La plupart des plus anciens villages des Cantons-de-l'Est doivent leur naissance à la présence d'un moulin. Rappelons-nous, entre autres Sherbrooke (Hyatt's Mills), Cowansville (Ruiter's Mills) et Rock Island (Kilborn's Mills). D'autres hameaux tels que Denison's Mills, Way's Mills et Kinnear's Mills tirent même leur nom de propriétaires de moulins. Des moulins à grains, à scie et à laine furent construits le long de rivières et ruisseaux, partout où le courant de l'eau était suffisant pour entraîner une roue hydraulique. Ces moulins étaient essentiels à la survie et le meunier, un homme important dans tout village.
Moulins à grains
Certains des plus anciens moulins (comme celui à gauche à Stanbridge East) survivant dans les Cantons sont des moulins grains où les céréales étaient moulues. Avant l'introduction des moulins, les pionniers moulaient leurs céréales à la main. Ça prenait du temps, manquait d'efficacité et ne produisait qu'un gruau ou un pain remplis de grumeaux.
L'arrivée du moulin à grains représente tout un progrès. La plupart de ces édifices furent bâtis le long de ruisseaux d'où l'on pouvait construire des barrages afin de régulariser le débit hydraulique ou près d'une chute où le courant de l'eau pouvait actionner une roue à aubes reliée à une paire de meules par un système d'engrenages et d'axes.
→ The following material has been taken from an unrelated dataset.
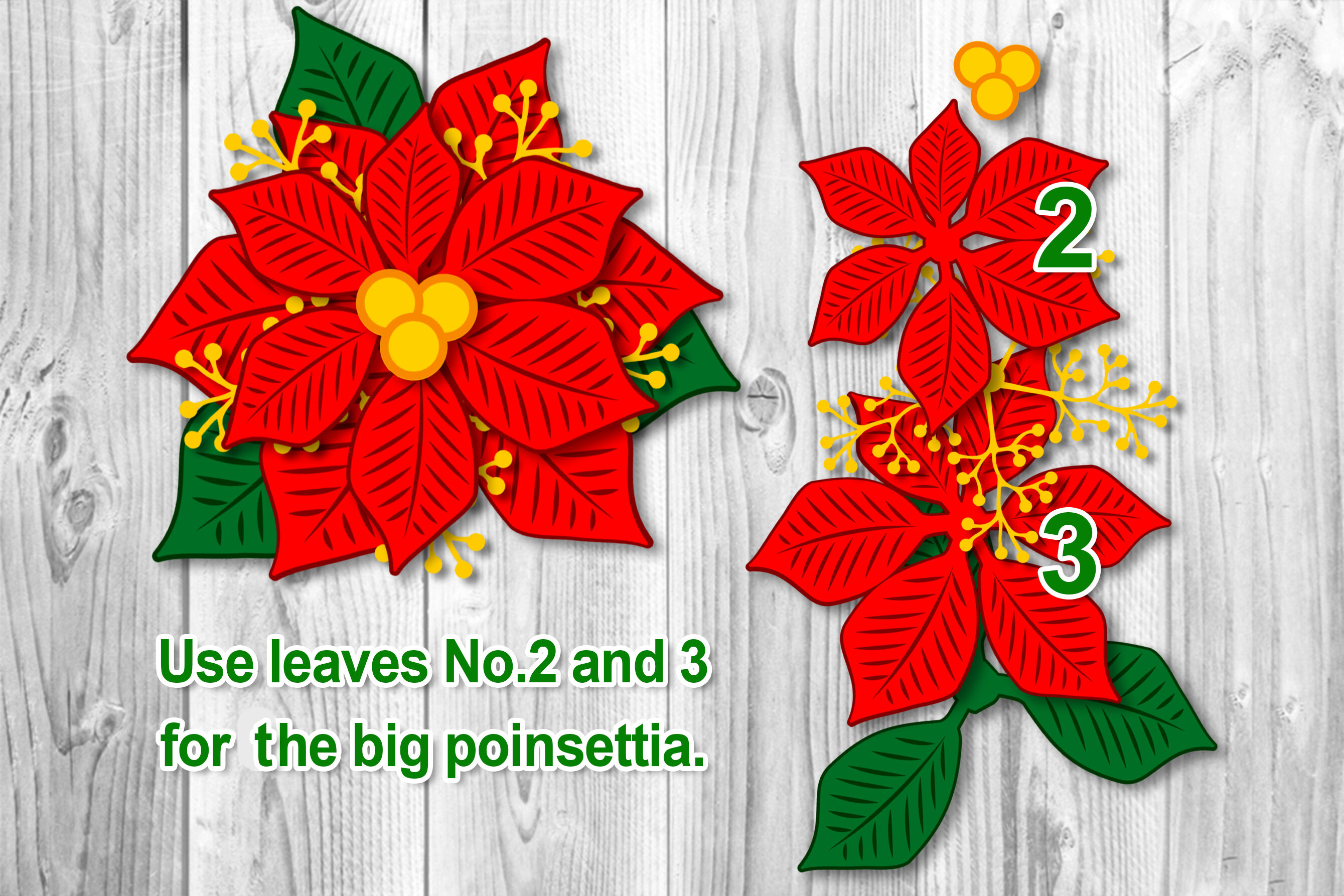 Download Christmas Poinsettia Bunches Builder SVG Clipart Layered ...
Les céréales étaient placées entre les deux meules, broyées et moulues en farine. La roue hydraulique constituait une source d'énergie simple et économique. L'un des premiers moulins à grains dans les Cantons fut construit par Nicholas Austin en 1793 à l'embouchure du lac Memphrémagog.
Moulins à scie
Un moulin à scie s'avérait souvent le deuxième moulin construit dans un hameau. Avant son introduction, les pionniers construisaient leur habitation en billots et en planches équarries à la hache. Mais après l'introduction des moulins à scie, les madriers et planches sciées au moulin se trouvèrent en grande demande. Vers 1830, on comptait plus de trente de ces moulins dans le seul comté de Sherbrooke.
Moulins à carder
Les moutons constituaient un élément essentiel à la vie des pionniers. Leurs toisons servaient à produire la laine. Tondues à chaque printemps, les toisons de laine étaient lavées pour les débarrasser de leur gras naturel et des souillures, puis peignées et enfin cardées afin de démêler les fibres. Procéder manuellement prenait beaucoup de temps.
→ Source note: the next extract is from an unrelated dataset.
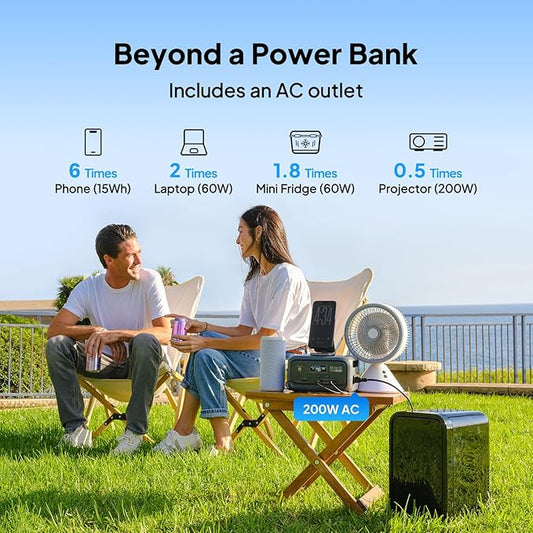 BLUETTI Solar Generator Elite 10 with 60W Solar Panel Included (Ship Separately), 128Wh Mini Power Station with 200W AC Outlet, Palm-Size Portable Power for Camping, Outages, and UPS Backup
Comme les troupeaux de moutons se multiplièrent sur les fermes et puisqu'une vague d'immigration d'Écossais dans la région au milieu du 19e siècle marqua l'augmentation du nombre de fermes d'élevage d'ovins, on construisit des moulins à laine ou à carder, afin de répondre à la demande croissante. Avec l'arrivée de ces moulins, les pionniers pouvaient alors apporter leurs toisons pour les faire transformer, carder et rouler en ballots, puis ramener ces derniers à la maison pour les filer au rouet ou les tisser sur les métiers. Les moulins à carder forment les précurseurs des grandes manufactures de textile industrielles que l'on rencontre encore dans plusieurs villes et cités, à l'exemple de la Paton Manufacturing Company à Sherbrooke, qui, à son époque, représentait la plus grande usine textile au Canada.
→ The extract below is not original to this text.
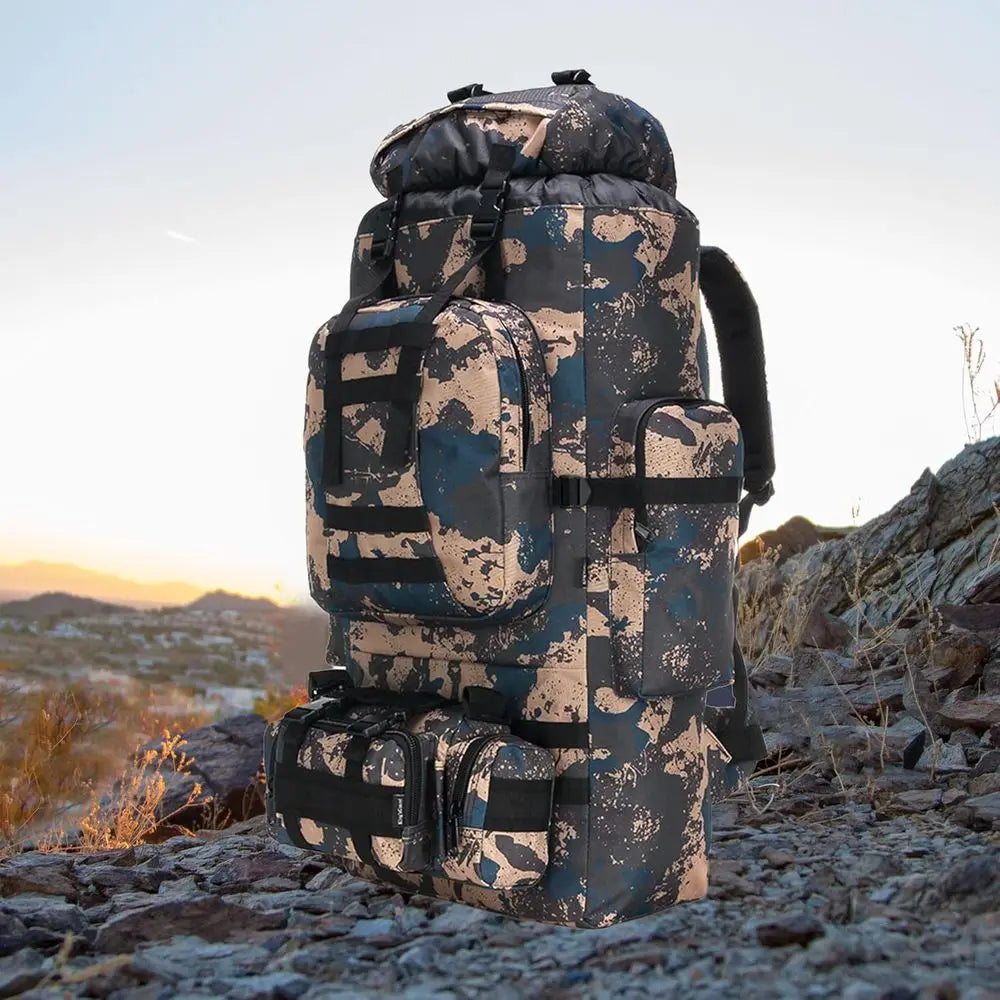 Military-Style 100L Hiking Backpack with Molle System for Camping and Day Adventures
Aujourd'hui, un très petit nombre de moulins de l'époque des pionniers subsistent dans les Cantons. Des centaines ont disparu du paysage au cours du siècle dernier. En certains endroits, on trouve encore leurs traces (comme celui à gauche à Massawippi). Ceux qui ont réussi à survivre constituent un volet de notre patrimoine bâti très important.